REQUIRED WORK
Below is a listing; restate from it, character for character, the lines beginning at the line holding "HOUSEBOAT ELADÓ –" and ending at the line holding "自由光 2019款 2.0T", both included.

RECORDS SUPPLIED
================================

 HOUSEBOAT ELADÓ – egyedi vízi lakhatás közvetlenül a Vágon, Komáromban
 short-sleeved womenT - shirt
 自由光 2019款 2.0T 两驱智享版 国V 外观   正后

================================

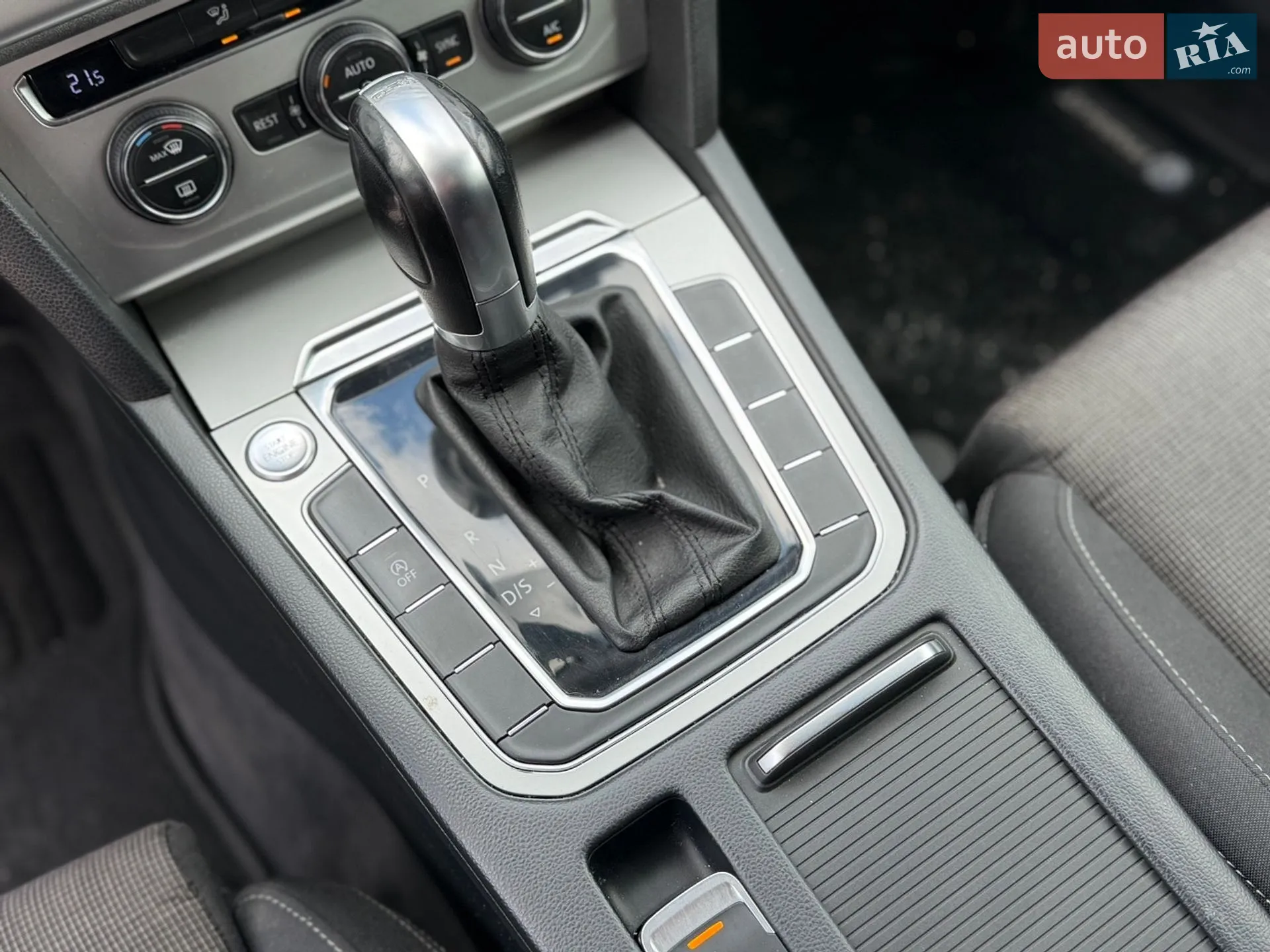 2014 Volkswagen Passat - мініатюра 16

================================

WORKED SOLUTION
 HOUSEBOAT ELADÓ – egyedi vízi lakhatás közvetlenül a Vágon, Komáromban
 short-sleeved womenT - shirt
 自由光 2019款 2.0T 两驱智享版 国V 外观   正后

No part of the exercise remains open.